▸ **WORK REQUIRED**
Repeat every line below exactly, word for word.

▸ **EXERCISE INPUTS**

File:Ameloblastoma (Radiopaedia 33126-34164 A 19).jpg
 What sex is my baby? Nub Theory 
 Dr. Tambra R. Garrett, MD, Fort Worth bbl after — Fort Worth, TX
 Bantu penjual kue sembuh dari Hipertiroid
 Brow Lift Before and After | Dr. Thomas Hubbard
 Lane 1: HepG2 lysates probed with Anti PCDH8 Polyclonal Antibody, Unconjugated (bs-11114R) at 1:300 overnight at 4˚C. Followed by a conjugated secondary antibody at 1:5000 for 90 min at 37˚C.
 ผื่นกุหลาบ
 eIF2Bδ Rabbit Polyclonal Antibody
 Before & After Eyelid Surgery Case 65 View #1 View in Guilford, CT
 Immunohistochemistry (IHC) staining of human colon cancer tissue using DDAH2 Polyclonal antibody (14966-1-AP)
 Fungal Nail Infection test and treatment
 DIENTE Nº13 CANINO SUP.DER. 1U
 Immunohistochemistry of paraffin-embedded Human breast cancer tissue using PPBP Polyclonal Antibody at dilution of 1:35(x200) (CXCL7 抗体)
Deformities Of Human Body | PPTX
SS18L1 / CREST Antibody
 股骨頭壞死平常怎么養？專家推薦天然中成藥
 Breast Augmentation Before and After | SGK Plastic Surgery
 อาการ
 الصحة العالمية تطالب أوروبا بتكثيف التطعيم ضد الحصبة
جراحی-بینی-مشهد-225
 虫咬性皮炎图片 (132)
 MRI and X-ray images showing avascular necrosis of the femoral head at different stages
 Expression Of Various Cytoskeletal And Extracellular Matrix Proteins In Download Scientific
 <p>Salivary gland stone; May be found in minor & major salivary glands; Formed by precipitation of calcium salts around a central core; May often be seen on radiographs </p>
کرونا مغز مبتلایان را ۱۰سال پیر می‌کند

▸ **EXERCISE OUTPUT**
File:Ameloblastoma (Radiopaedia 33126-34164 A 19).jpg
 What sex is my baby? Nub Theory 
 Dr. Tambra R. Garrett, MD, Fort Worth bbl after — Fort Worth, TX
 Bantu penjual kue sembuh dari Hipertiroid
 Brow Lift Before and After | Dr. Thomas Hubbard
 Lane 1: HepG2 lysates probed with Anti PCDH8 Polyclonal Antibody, Unconjugated (bs-11114R) at 1:300 overnight at 4˚C. Followed by a conjugated secondary antibody at 1:5000 for 90 min at 37˚C.
 ผื่นกุหลาบ
 eIF2Bδ Rabbit Polyclonal Antibody
 Before & After Eyelid Surgery Case 65 View #1 View in Guilford, CT
 Immunohistochemistry (IHC) staining of human colon cancer tissue using DDAH2 Polyclonal antibody (14966-1-AP)
 Fungal Nail Infection test and treatment
 DIENTE Nº13 CANINO SUP.DER. 1U
 Immunohistochemistry of paraffin-embedded Human breast cancer tissue using PPBP Polyclonal Antibody at dilution of 1:35(x200) (CXCL7 抗体)
Deformities Of Human Body | PPTX
SS18L1 / CREST Antibody
 股骨頭壞死平常怎么養？專家推薦天然中成藥
 Breast Augmentation Before and After | SGK Plastic Surgery
 อาการ
 الصحة العالمية تطالب أوروبا بتكثيف التطعيم ضد الحصبة
جراحی-بینی-مشهد-225
 虫咬性皮炎图片 (132)
 MRI and X-ray images showing avascular necrosis of the femoral head at different stages
 Expression Of Various Cytoskeletal And Extracellular Matrix Proteins In Download Scientific
 <p>Salivary gland stone; May be found in minor & major salivary glands; Formed by precipitation of calcium salts around a central core; May often be seen on radiographs </p>
کرونا مغز مبتلایان را ۱۰سال پیر می‌کند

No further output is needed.